INCIDENTE DE SUSPENSIÓN (REVISIÓN) 240/2015. UNIVERSIDAD AUTÓNOMA DE NUEVO LEÓN Y OTRO. 2 DE SEPTIEMBRE DE 2015. MAYORÍA DE VOTOS. DISIDENTE: ANTONIO CEJA OCHOA. PONENTE: SERGIO EDUARDO ALVARADO PUENTE. SECRETARIO: CARLOS TOLEDANO SALDAÑA.
Fecha: 13-Nov-2015
Iv Los Demás Que Especifique El Departamento Escolar Y De Archivo
De los numerales reproducidos, efectivamente se desprende que se considera estudiante de reingreso, aquel que estando inscrito durante el periodo escolar anterior en algún programa educativo de las escuelas o facultades de la universidad, desea continuar en el mismo y que para inscribirse como tal, se deberán cubrir ciertos requisitos, entre los que destacan los pagos que para el efecto señalen la tesorería y la escuela o facultad.
En este punto cabe resaltar, que del análisis de los citados numerales no se desprende la exigencia que se refiere en la demanda de amparo, pues el pago se prevé como un requisito, pero sólo para quien desee continuar en uno de los programas educativos de la Universidad Autónoma de Nuevo León, ya sea en educación media o superior.

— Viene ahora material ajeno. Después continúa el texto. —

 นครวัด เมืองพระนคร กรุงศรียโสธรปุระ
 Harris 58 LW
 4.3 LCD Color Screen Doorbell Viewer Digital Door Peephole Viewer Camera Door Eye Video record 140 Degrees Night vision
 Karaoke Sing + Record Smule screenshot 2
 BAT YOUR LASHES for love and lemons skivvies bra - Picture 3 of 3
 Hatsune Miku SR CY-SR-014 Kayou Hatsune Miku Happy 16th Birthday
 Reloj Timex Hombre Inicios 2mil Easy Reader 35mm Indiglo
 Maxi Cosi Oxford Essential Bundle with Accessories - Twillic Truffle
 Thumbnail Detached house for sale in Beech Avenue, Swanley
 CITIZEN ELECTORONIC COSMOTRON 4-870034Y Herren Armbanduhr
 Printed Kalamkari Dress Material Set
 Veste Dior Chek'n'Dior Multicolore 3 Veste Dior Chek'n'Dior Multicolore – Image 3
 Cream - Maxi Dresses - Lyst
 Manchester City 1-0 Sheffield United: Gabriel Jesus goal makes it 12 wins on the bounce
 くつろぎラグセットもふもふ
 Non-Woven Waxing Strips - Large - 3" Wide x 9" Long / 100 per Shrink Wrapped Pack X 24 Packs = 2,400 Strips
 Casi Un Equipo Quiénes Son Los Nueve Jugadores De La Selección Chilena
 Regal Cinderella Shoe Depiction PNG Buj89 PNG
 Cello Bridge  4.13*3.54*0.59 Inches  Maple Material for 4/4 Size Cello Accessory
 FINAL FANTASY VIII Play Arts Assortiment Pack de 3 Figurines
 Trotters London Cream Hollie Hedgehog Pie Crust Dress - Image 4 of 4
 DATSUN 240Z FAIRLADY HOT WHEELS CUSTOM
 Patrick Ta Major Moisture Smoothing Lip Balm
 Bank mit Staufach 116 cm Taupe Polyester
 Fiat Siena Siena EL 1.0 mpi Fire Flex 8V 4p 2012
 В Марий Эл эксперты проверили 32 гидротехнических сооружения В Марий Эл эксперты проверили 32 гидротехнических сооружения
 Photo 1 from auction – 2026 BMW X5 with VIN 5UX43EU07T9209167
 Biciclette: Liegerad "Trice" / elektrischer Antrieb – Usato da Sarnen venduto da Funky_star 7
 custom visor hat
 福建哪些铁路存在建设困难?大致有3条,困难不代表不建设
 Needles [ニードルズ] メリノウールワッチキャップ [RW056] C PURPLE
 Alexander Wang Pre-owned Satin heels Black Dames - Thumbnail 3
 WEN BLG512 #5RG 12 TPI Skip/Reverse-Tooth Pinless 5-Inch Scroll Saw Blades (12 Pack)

De lo que se puede concluir, que si la quejosa no deseara continuar con dicho programa educativo, tiene a su alcance las demás opciones que ofrece el Estado en materia educativa, en las que, en su caso, resultara aplicable la gratuidad que dispone el artículo 3o., fracción IV, constitucional.
Desde otro aspecto, en oposición a las disposiciones reglamentarias de orden interno de la Universidad Autónoma de Nuevo León, que establecen cuotas para que una persona pueda ingresar a ella y seguir los cursos correspondientes, sería indispensable que en el Texto Fundamental se garantizara el derecho de todo gobernado a realizar en forma gratuita estudios en instituciones no pertenecientes al Estado, como lo es la Universidad Autónoma de Nuevo León, lo que en el caso no ocurre, pues en un análisis preliminar no se desprende en ninguno de los preceptos constitucionales citados, que se establezca esa prerrogativa.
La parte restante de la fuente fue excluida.